BEGIN COLLECTED MATERIAL

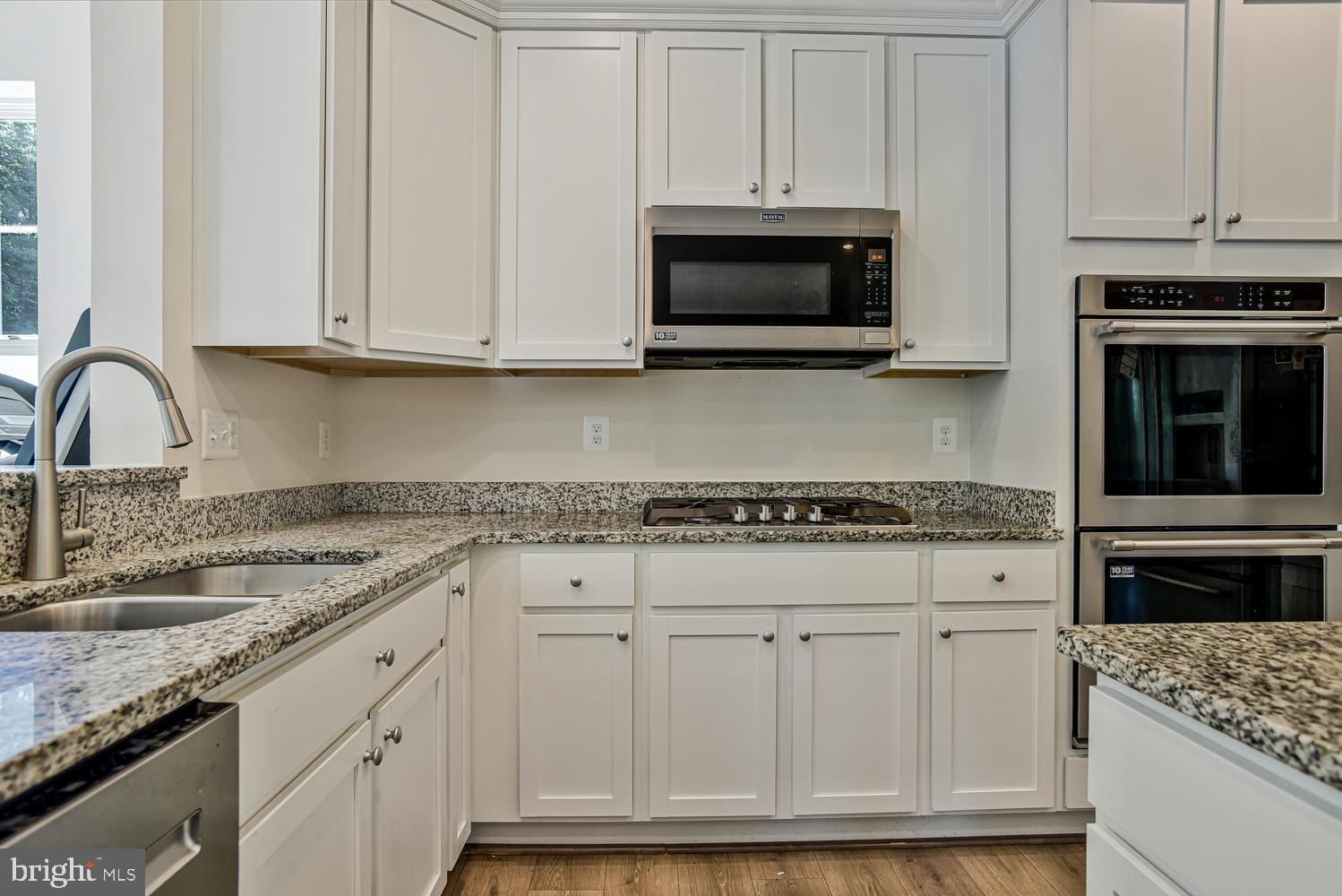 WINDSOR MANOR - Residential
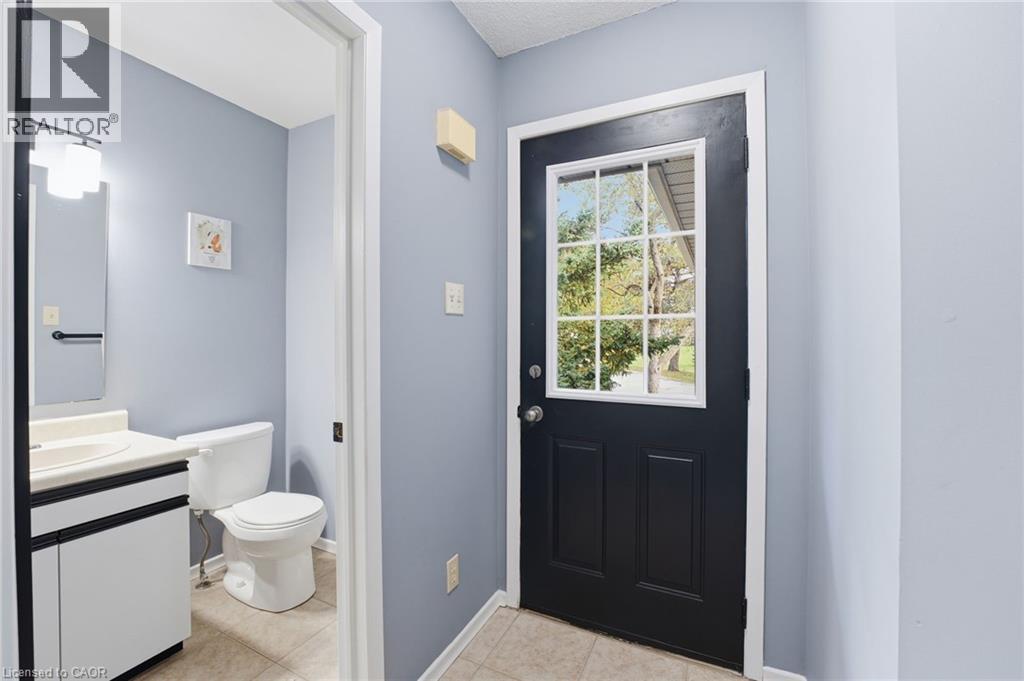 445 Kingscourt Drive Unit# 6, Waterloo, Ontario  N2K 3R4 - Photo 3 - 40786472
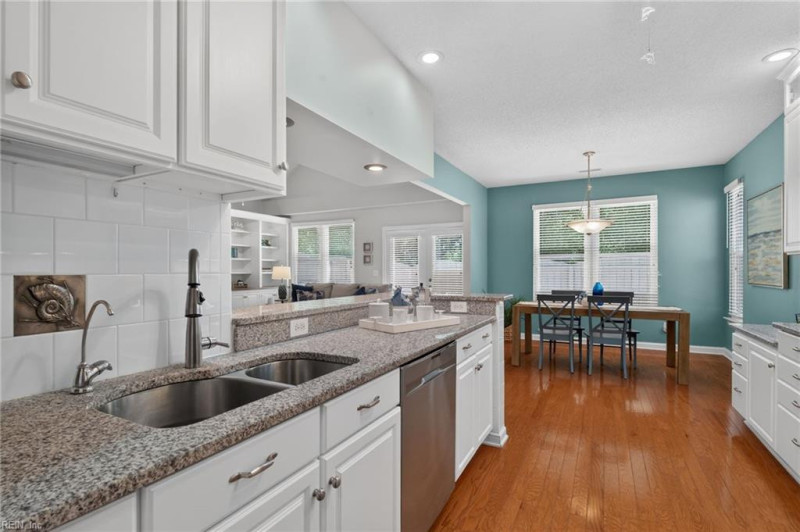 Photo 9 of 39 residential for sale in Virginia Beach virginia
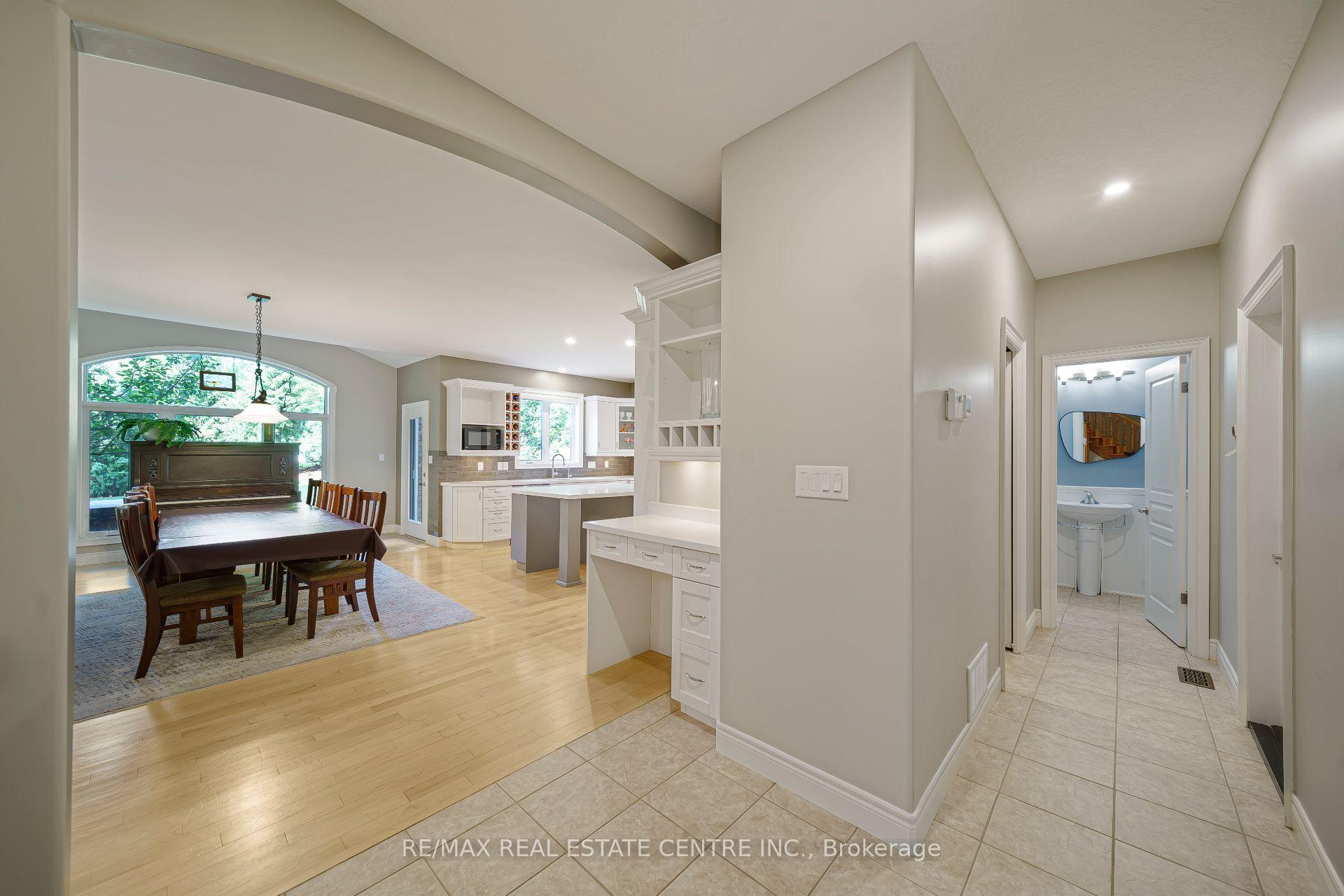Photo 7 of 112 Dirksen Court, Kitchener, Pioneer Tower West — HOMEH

END COLLECTED MATERIAL

▶ **EXERCISE GOAL**: Copy the data word for word and omit every picture.

▶ **EXERCISE OUTPUT**:
 WINDSOR MANOR - Residential
 445 Kingscourt Drive Unit# 6, Waterloo, Ontario  N2K 3R4 - Photo 3 - 40786472
 Photo 9 of 39 residential for sale in Virginia Beach virginia
Photo 7 of 112 Dirksen Court, Kitchener, Pioneer Tower West — HOMEH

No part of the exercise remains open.